[LISTED ENTRIES]

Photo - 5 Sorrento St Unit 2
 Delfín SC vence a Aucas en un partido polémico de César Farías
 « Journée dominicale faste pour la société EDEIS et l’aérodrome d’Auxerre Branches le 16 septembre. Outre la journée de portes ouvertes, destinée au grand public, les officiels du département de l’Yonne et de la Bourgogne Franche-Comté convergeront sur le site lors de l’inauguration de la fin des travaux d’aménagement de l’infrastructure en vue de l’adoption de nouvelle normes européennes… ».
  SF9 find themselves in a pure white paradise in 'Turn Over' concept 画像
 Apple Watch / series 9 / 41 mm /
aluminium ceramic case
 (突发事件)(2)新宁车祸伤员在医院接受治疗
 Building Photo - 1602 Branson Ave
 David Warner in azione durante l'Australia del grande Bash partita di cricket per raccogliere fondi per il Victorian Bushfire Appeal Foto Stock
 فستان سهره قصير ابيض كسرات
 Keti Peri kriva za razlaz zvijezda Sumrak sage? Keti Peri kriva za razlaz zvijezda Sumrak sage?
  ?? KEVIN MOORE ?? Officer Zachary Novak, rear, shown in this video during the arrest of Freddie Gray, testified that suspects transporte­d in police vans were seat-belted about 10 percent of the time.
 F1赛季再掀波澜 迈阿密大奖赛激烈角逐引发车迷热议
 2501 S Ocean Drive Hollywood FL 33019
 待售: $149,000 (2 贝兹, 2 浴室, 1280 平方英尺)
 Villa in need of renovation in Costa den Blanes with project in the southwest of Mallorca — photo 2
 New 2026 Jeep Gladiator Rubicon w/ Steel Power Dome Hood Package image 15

[/LISTED ENTRIES]

→ **PROMPT**: What's needed is a word-for-word copy of the lines from the one holding "Building Photo - 1602 Branson Ave" through the final line of the data.

→ **ANSWER FOR THE TASK**:
 Building Photo - 1602 Branson Ave
 David Warner in azione durante l'Australia del grande Bash partita di cricket per raccogliere fondi per il Victorian Bushfire Appeal Foto Stock
 فستان سهره قصير ابيض كسرات
 Keti Peri kriva za razlaz zvijezda Sumrak sage? Keti Peri kriva za razlaz zvijezda Sumrak sage?
  ?? KEVIN MOORE ?? Officer Zachary Novak, rear, shown in this video during the arrest of Freddie Gray, testified that suspects transporte­d in police vans were seat-belted about 10 percent of the time.
 F1赛季再掀波澜 迈阿密大奖赛激烈角逐引发车迷热议
 2501 S Ocean Drive Hollywood FL 33019
 待售: $149,000 (2 贝兹, 2 浴室, 1280 平方英尺)
 Villa in need of renovation in Costa den Blanes with project in the southwest of Mallorca — photo 2
 New 2026 Jeep Gladiator Rubicon w/ Steel Power Dome Hood Package image 15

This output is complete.